**Source material:**
..............................

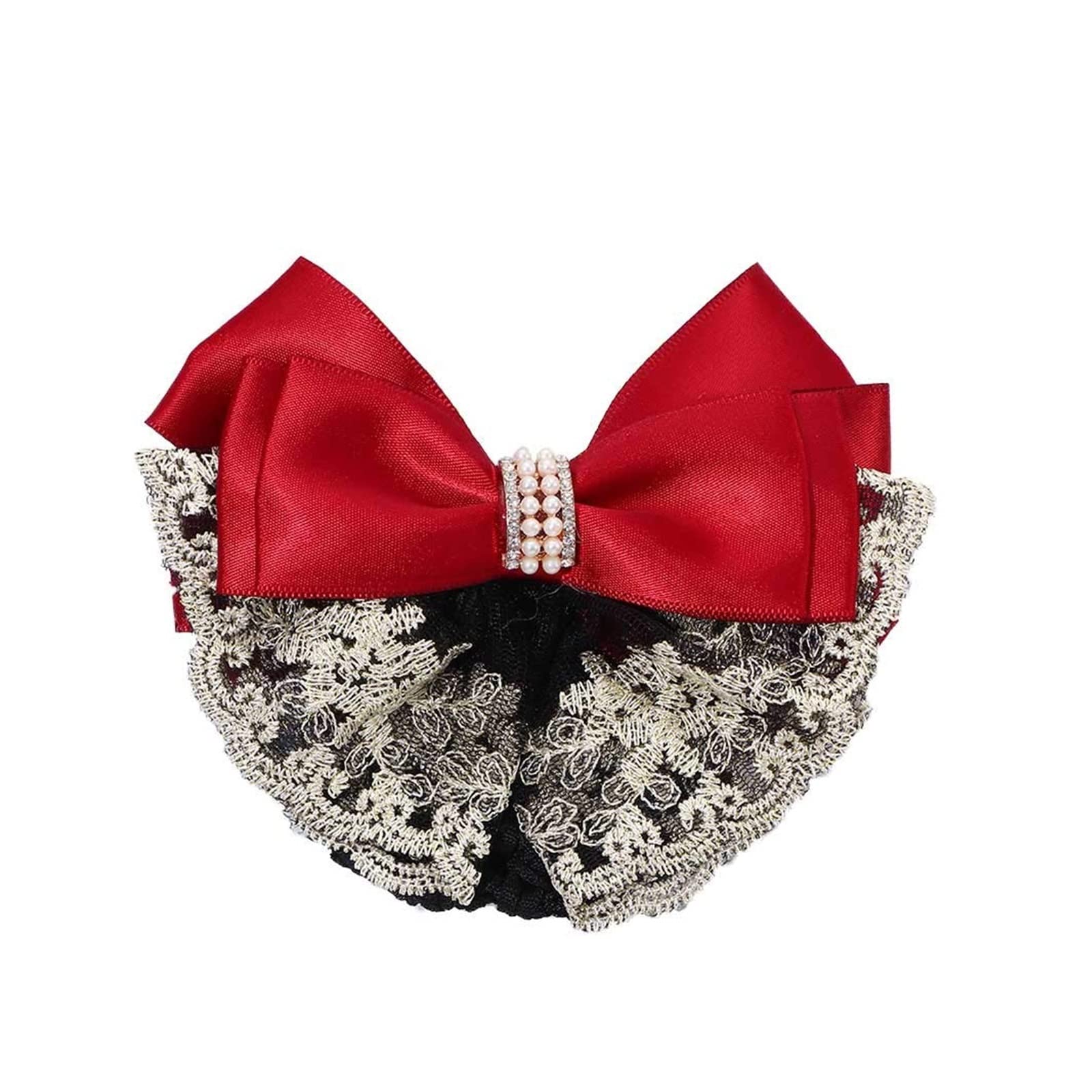 Barrette à Cheveux en Satin Rouge pour Femme Pince Cheveux Nœud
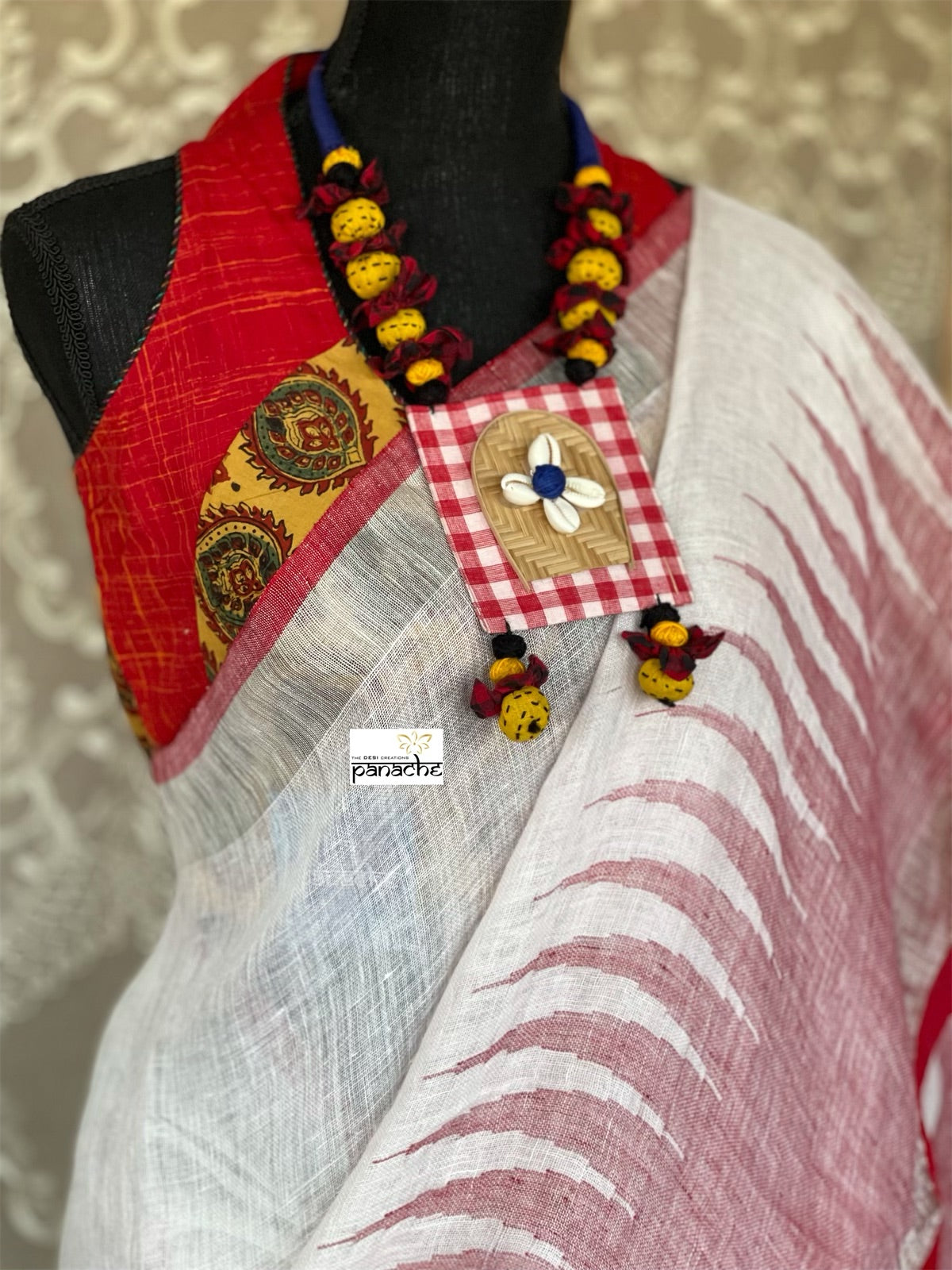 Pure Linen Handloom - White Red Temple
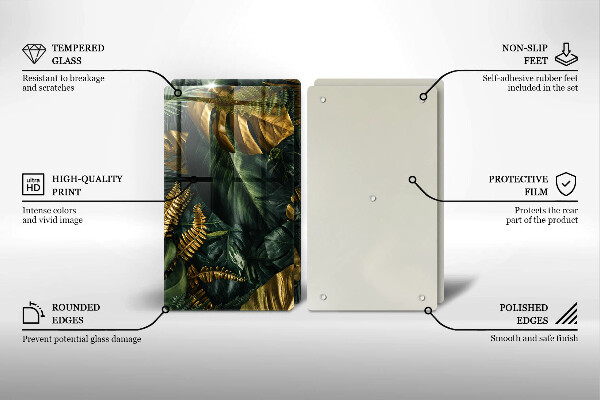 Copri piano cottura in vetro Foglie dorate di monstera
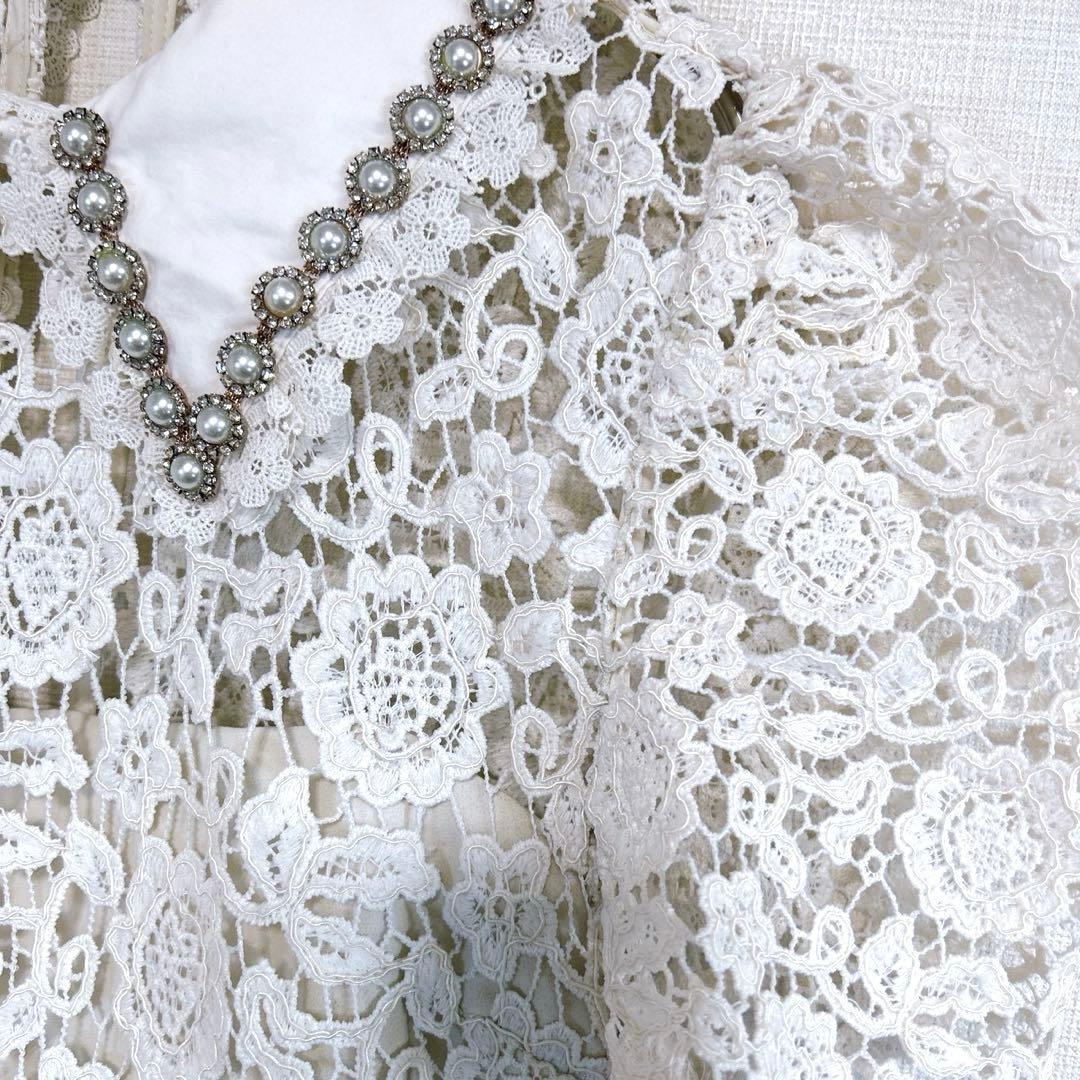 【self-portrait】高級感　レース刺繍　ドレスワンピース　パールカラー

..............................

Please reproduce the listing exactly, leaving out any pictures.

 Barrette à Cheveux en Satin Rouge pour Femme Pince Cheveux Nœud
 Pure Linen Handloom - White Red Temple
 Copri piano cottura in vetro Foglie dorate di monstera
 【self-portrait】高級感　レース刺繍　ドレスワンピース　パールカラー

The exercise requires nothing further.